Surrender by change in nature of tenants occupation. A surrender is implied
when the tenant remains in occupation of the premises in a capacity
inconsistent with his being tenant, where, for instance, he becomes the
landlords employee, or where the parties agree that the tenant is in future to
occupy the premises rent free for life as a license.
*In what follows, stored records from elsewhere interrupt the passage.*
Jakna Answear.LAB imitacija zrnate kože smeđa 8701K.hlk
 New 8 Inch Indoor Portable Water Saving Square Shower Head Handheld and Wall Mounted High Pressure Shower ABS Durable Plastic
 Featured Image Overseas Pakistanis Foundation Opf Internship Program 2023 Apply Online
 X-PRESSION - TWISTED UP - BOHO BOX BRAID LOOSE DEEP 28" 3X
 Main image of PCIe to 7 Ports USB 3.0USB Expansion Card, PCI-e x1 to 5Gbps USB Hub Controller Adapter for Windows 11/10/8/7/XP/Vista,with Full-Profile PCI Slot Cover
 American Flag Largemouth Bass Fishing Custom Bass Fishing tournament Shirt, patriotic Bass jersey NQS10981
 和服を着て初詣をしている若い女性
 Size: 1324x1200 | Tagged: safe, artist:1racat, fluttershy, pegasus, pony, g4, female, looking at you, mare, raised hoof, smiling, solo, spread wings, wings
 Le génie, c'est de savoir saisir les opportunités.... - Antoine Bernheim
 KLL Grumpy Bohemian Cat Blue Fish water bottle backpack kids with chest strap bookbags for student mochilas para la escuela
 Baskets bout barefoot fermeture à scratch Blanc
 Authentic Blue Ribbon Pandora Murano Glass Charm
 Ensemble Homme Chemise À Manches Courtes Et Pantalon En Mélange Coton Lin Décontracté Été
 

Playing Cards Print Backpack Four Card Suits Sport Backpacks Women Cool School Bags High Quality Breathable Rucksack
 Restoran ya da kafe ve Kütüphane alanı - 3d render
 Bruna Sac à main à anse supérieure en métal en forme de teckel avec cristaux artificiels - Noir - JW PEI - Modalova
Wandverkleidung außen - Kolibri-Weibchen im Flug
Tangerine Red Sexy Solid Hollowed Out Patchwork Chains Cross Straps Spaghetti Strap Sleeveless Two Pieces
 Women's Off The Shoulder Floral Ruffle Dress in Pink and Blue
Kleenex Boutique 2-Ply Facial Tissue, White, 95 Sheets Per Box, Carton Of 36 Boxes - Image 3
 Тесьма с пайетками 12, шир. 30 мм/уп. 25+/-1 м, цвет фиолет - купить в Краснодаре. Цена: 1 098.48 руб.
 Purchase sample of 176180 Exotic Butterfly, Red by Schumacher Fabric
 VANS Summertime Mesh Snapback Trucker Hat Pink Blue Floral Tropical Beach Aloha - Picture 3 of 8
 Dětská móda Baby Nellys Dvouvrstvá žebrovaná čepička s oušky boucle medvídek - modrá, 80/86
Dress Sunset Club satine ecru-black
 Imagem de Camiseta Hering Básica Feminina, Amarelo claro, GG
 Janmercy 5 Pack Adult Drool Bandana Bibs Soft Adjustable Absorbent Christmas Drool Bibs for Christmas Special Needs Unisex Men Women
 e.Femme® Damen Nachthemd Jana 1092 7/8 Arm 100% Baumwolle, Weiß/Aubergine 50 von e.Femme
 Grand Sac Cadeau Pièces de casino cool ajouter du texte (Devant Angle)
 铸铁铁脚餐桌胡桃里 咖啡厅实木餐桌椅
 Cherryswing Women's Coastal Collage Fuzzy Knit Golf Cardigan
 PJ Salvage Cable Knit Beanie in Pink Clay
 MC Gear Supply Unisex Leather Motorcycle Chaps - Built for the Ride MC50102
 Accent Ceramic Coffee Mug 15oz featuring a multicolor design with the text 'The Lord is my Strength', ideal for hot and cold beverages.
An agreement by the tenant
to purchase the reversion does not of itself effect a surrender, as the
purchase is conditional on a good title being made by the landlord.
In
Hill and Redmans Law of Landlord and Tenant (16th Edn.) at page 451 it is
observed that a surrender does not follow from a mere agreement made during the
tenancy for the reduction or increase of rent, or other variation of its terms,
unless there is some special reasons to infer a new tenancy, where, for
instance, the parties make change in the rent under the belief that the old
tenancy is at an end.
In
N.M. Ponniah Nadar v. Smt. Kalakshmi Ammal, {1989(1) SCC 64} a three-Judge
Bench of this Court found that an arrangement by which rent of the building was
increased in respect of existing tenancy will not bring an end to the
pre-existing lease.
In
Krishna Kumar Khema v. Grindlays Bank {1990 (3) SCC 669} a two-Judge Bench of
this Court held thus:
Surrender
of a part does not amount to implied surrender of the entire tenancy and the
rest of the tenancy remains untouched. Likewise the mere increase or reduction
of rent also will not necessarily import a surrender of an existing lease and
the creation of a new tenancy.
Assuming
that Ext.A.1 has created a new lease after terminating the erstwhile lease, the
difficulty is that the grip of the ban contained in the third proviso would
still continue to foreclose the landlord from filing the petition for a period
of one year from the new lease deed. This is because the landlords right to
recover possession would then arise under that instrument of lease, which would
also be a transfer inter vivos as envisaged in the third proviso.
In
Blacks Law Dictionary the expression inter vivos is given the following
meaning:
Between
the living; from one living person to another. Where property passes by
conveyance, the transaction is said to be inter vivos, to distinguish it from a
case of succession or devise.
So the
landlord had to wait for a still further period if he were to root his right in
Ex.A1 to recover possession of the building.
As the
third proviso to Section 11(3) disentitles a landlord from applying for
eviction of the tenant before the expiry of the quarantine period, the petition
filed by the landlord in this case has to be dismissed only on that ground. Any
observation made on the merits of the case in the proceeding based on such a
non-maintainable petition must stand erased from judicial notice. If the
present landlord files a new petition for eviction under the Act, as the ban
period is over, the same has to be considered and disposed of uninfluenced by
any of the observations made by the High Court or the courts below thereto.
The
appeal is dismissed in the above terms, without any order as to costs.